Suggs says the effect the film could have on black youth could be tremendous: “With this type of hero, they’ll see somebody doing something for someone else, for the greater good. That allows our young males and females to say, ‘Hey, it’s not just about me making it just to make it, it’s about me making it so I can see what type of impact I can make on others in the community around me in a positive way.’ ”
His goal of $5,000 could send hundreds of kids to “Black Panther,” although he realizes if his group gets to that size, they may have to wait a little while to go.
“We’re shooting for the third weekend to do something here in Charlotte, because it’s gonna be pretty hectic the first two weekends.”
Indeed, if you haven’t purchased advance tickets to see “Black Panther,” it’d probably be wise to consider it if you’re hoping to see it in the next few days. Variety reported that industry tracking suggests the film could open to as much as $170 million at the box office in North America: That’s way above initial forecasts and would mean a new all-time record for Presidents Day weekend. (The record is currently held by another superhero movie – 2016’s “Deadpool,” starring Ryan Reynolds.)
Online ticketing service Fandango says advance sales for “Black Panther” are higher than any other first-quarter release in the company’s 18-year history.
“We’re currently living in the age of empowerment,” says Fandango.com managing editor Erik Davis, “and audiences for the last few years have been demanding more films from women, starring women, as well as more diversity in their casts, both in front of and behind the camera. So ‘Black Panther’ is landing at a time when audiences are desperate for this kind of movie to come out and make a big statement, and I think that’s why they’re rallying around it and helping elevating it. ... It’s sending a clear sign to Hollywood: that the future needs to look differently on the big screen.”
(Davis himself was so inspired by the movie, he says, that right after seeing it, he made a donation to a Black Panther Challenge campaign.)
What makes this unique, though, is the fact that – unlike most movies with all-black casts and a black director – “Black Panther” is predicted to be irresistible to non-black audiences. That’s because it’s a key part of what’s known as the Marvel Cinematic Universe, a series of now 18 films dating back to 2008’s “Iron Man.” The latest, 2017’s “Thor: Ragnorak,” became the 14th of those movies to eclipse $500 million in global box-office returns.
“If you’re a Marvel head, you can’t not see this film,” says Monica Palmer, a longtime comic-book fan who helped organized a buy-out of a 7 p.m. screening of “Black Panther” at Starlight on Thursday night for 147 members of the Zeta Beta Phi Sorority in Charlotte. “Anyone who misses it is gonna be lost on the significance (of the character) when the next Marvel film comes out. So, frankly, even if they don’t want to see it, they are going to see it.”
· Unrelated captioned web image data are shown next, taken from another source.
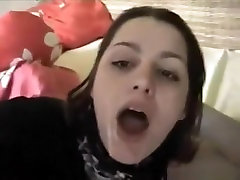 Hot brunette usa girl bidesi sex jabarda blowjob with cum swallowing on the bed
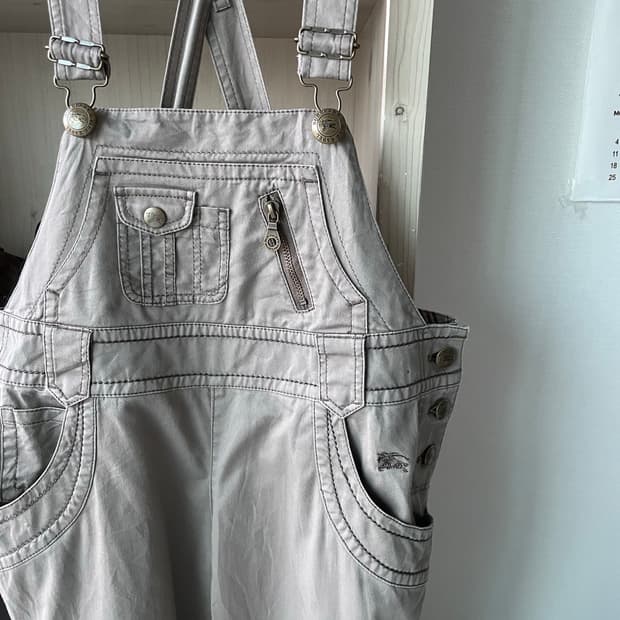 버버리 로고 멜빵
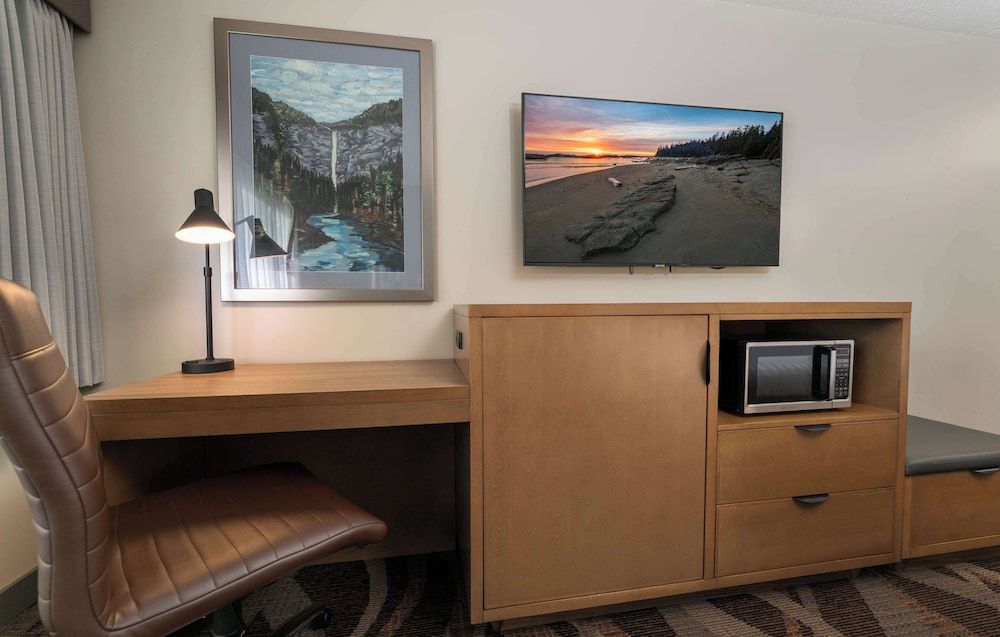 Prestige Hudson Bay Lodge & Conference Centre, WorldHotels Crafted Collection Standard Room, 1 King Bed, Non Smoking (with Sofabed) 6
But what then? What happens after the credits roll and people walk out of the theater? If it’s a blockbuster hit, maybe others in Hollywood follow its lead. But will anything have changed?
Charlotte native Tiffany Fant hopes so. But she recognizes that the movie alone can’t do all the work, and so when she saw it coming down the pipe last year, she envisioned it as a long-term community-building opportunity.
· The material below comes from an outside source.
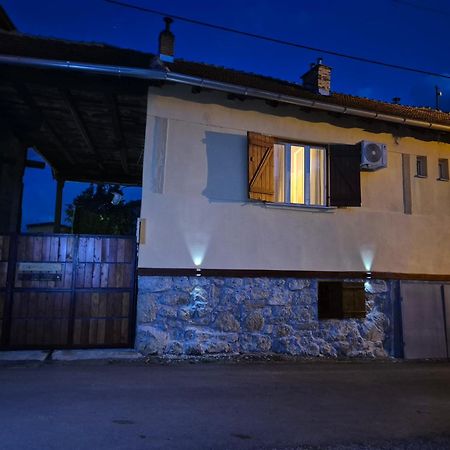 Konak -Guest House -Ramonda Serbika Ниш Екстер'єр фото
The 38-year-old consultant and community organizer and her business partner Nakisa Glover have been working feverishly this week to finalize plans for “The Official Blackest Weekend Ever.” The three-day event will feature a variety of parties, a vendor fair, live music, a pep rally, a fish fry, two private screenings of “Black Panther,” and – perhaps most importantly to Fant – something they’re calling the “Wakanda Wind Down Brunch.” (Wakanda is the name of the African nation in “Black Panther.”)
“After we’ve had a good time, after we’ve celebrated culture, we want to talk about how do we continue to move forward with this energy and create some of the sustainable changes that we need to see in Charlotte within our community?” she says. “So it’s definitely about entertainment and fun, but also serving as a catalyst to start talking about the issues and mobilizing people in helping create the change that we need to see.”
And just for the record, “The Official Blackest Weekend Ever” is open to everyone.
“Celebrate this culture just like you would the Chinese New Year, or the Greek Festival, or the Indian Festival,” Fant says. “We’re celebrating culture. Come learn about our culture. Come celebrate it, just like you would anything else. Don’t feel like you can’t come because the word ‘blackest’ is in it. That is not referencing the attendees.”